Forming Covenant Friendships

"No one person can fulfill all your needs. But the community can truly hold you. The community can let you experience the fact that, beyond your anguish, there are human hands that hold you and show you God's faithful love." - Henri Nouwen (Source)

Back in 2016, I joined three men in a covenant friendship that has changed my life. Over five years, we've held each other up and let each other down. We've helped each other and at times been too busy for each other. We've cried tears of joy and tears of pain.

In all the highs and lows of friendship, our commitment remains steady, and for that, I thank God. These life-long companions become a constant in an ever-changing world and act as an anchor to hold us upright in the storms of life.

Most people I talk to are puzzled by how to start this type of friendship — Isn't asking someone to be a friend for life awkward? And isn't asking this as an adult even more uncomfortable?

With some thoughtfulness, you can do it (and not feel too uncomfortable in the process).

  1. Know who you're asking. I straight up asked my friend, Rob, if he wanted to commit to a lifetime friendship because I knew he'd thrive with that type of question. Others won't, and that's okay. If you're unsure how others will take a "till death do us part" commitment, then...

  2. Set a trial run together. Most folks I know fear committing to something a month from now — let alone a lifetime! Nothing is stopping you from kicking the wheels before you take her off the lot indefinitely. Commit to 6 months together, and then decide as a group to continue or disband. You can also invite more people into your group if the Holy Spirit leads you all in that direction.

  3. Work toward a lifetime commitment. Don't let your fear of commitment divert you from the main goal — covenant friendships that weather the years together. After several rounds of smaller commitments, discuss if you want to commit to longer stretches. Build up your commitment muscles slow and steady like a bodybuilder. As Adele Calhoun puts it, "Because the trust and safety needed for this kind of friendship takes time, covenant groups tend to be long-term and closed to people dropping in to try it out." (Source)

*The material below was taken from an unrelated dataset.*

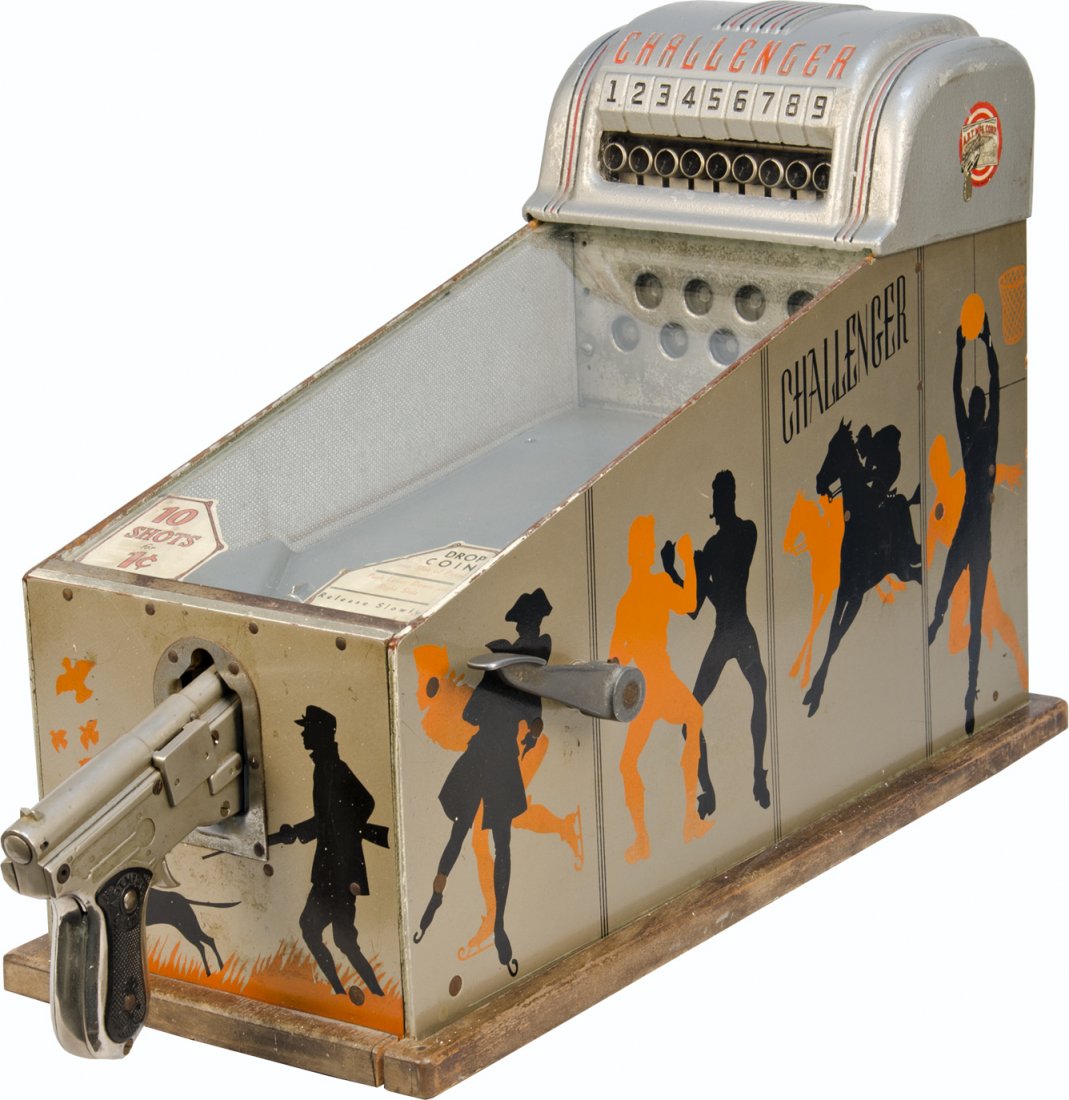 1 Cent A.B.T. MFG. "Challenger" Countertop Gun Shooter: 1 Cent A.B.T. MFG. "Challenger" Countertop Gun Shooter Arcade Game, "10 Shots for 1 Cent" c1930s-40s w/ keys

  4. Clarify the Commitment. Some covenant groups write out vows while others verbalize their commitment. What matters most is that you work together to build the type of friendship you need and want. Types of questions to discuss: - How will we pray for one another? - How often will we meet face-to-face? - What will the content of our time together be? - What does connecting look like between meetings? - How will we treat one another? - Do we want to do anything besides this? Yearly trips? Serve together? Etc. If your group is high or low structured, the point is to define and buy into the friendship. Example - In our monthly Zoom call, we each share the good, the bad, and the fill-in-the-blank (The F.I.B. is anything that doesn't necessarily fit into the first two categories that we want to share).

  5. Keep it simple; keep it life-giving. View the specificity of your commitment as laying railroad tracks. We put down tracks to take us somewhere. However, while riding a train through the beautiful countryside, you don't fixate on the rails. You look out to where you are and are going. Covenant friendships are like that. We place some purposeful tracks and enjoy the ride.